The Independent Auditor's Report to our audited financial statements for the period ended September 30, 2008 indicated that there are a number of factors that raise substantial doubt about our ability to continue as a going concern. Such factors identified in the report include that we need to generate profitable operations and are in need of obtaining adequate financing. For these and other related reasons our auditors believe that there is substantial doubt that we will be able to continue as a going concern.

Comparison of Interim Financial Results

As at June 30, 2009, our accounts payable balance was $18,734 compared to $46,213 as at September 30, 2008. Our loan payable balance was $58,108 compared to $40,000 as at September 30, 2008.

Sales have decreased year over year due to the increasing and volatility prices of maize

Off-Balance Sheet Arrangements

The Company does not have any off-balance sheet arrangements that have or are reasonably likely to have a current or future effect on the small business issuer's financial condition, changes in financial condition, revenues or expenses, results of operations, liquidity, capital expenditures or capital resources that is material to investors.

Item 3. Quantitative and Qualitative Disclosures About Market Risk.

Not applicable.

Item 4. Controls and Procedures.

Evaluation of Disclosure Controls and Procedures. The Company's Management under the supervision and with the participation of the Principal Executive Officer and the Principal Financial Officer are responsible for establishing and maintaining "disclosure controls and procedures" (as defined in the Exchange Act) for the Company. Based on their evaluation of the Company's disclosure controls and procedures as of June 30, 2009, the Company's Management has concluded that the Company's disclosure controls and procedures were effective to ensure that the information required to be disclosed by the Company under the Exchange Act was recorded, processed, summarized and reported within the time periods specified in the Exchange Act and accumulated and communicated to the Company's Management, including the Principal Executive Officer and the Principal Financial Officer, to allow timely decisions regarding required disclosure.

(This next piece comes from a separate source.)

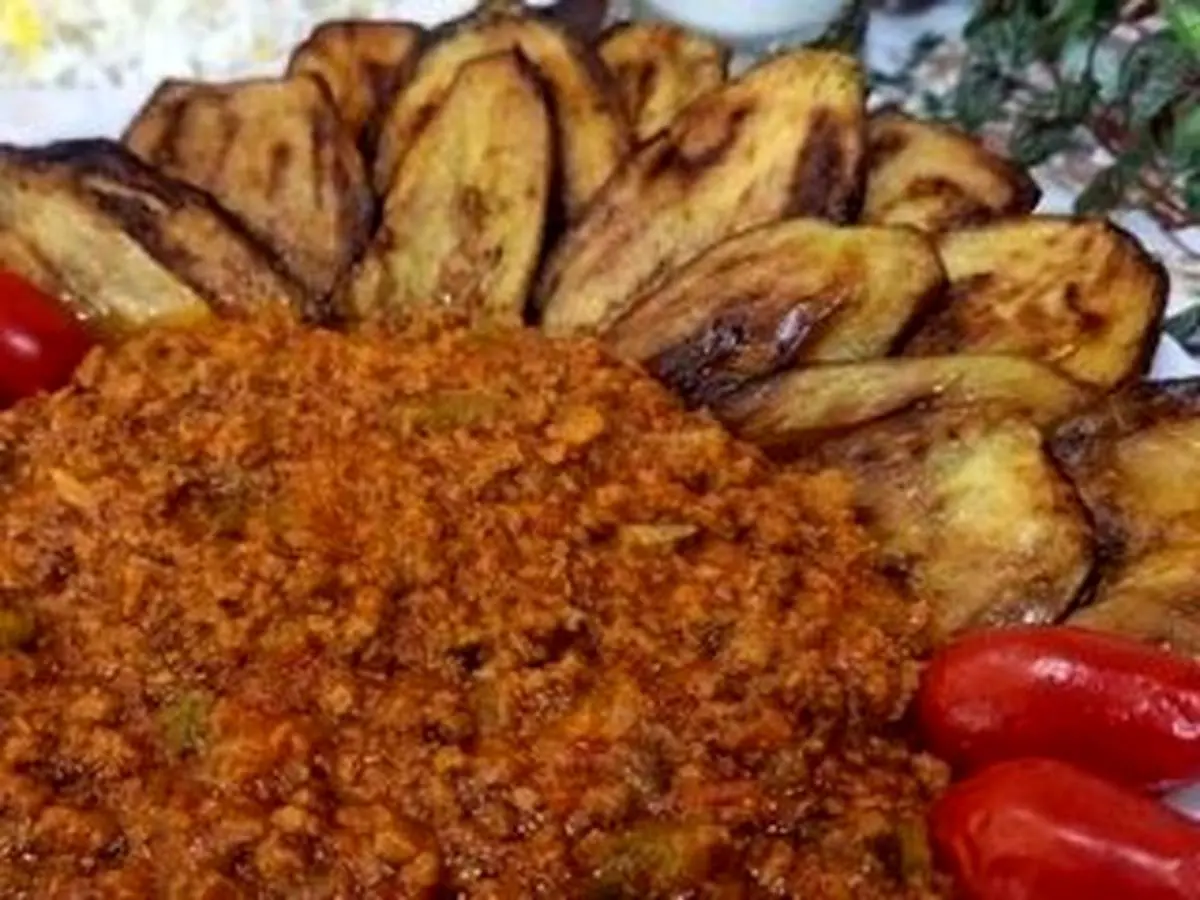 طرز تهیه بورانی بادمجان سنندجی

Changes in Internal Control over Financial Reporting. During the fiscal quarter ending June 30, 2009, there were no changes in the Company's internal control over financial reporting during the period covered by this report that have materially affected, or are reasonably likely to materially affect, the Company's internal control over financial reporting.

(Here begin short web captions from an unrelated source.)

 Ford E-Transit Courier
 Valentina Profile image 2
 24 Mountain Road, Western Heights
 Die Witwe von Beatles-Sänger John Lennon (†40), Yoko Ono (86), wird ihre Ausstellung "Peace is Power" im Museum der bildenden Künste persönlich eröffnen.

Limitations on the Effectiveness of Controls. A control system, no matter how well conceived and operated, can provide only reasonable, not absolute, assurance that the objectives of the control system are


met. Because of the inherent limitations in all control systems, no evaluation of controls can provide absolute assurance that all control issues, if any, within a company have been detected. The Company's disclosure controls and procedures are designed to provide reasonable assurance of achieving their objectives, and the Principal Executive Officer and the Principal Financial Officer have concluded that these controls and procedures are effective at the "reasonable assurance" level.

Item 4T. Controls and Procedures.

The Company's management is responsible for establishing and maintaining adequate internal control over financial reporting. Our internal control over financial reporting is designed to provide reasonable assurance regarding the reliability of financial reporting and the preparation of financial statements for external purposes in accordance with generally accepted accounting principles.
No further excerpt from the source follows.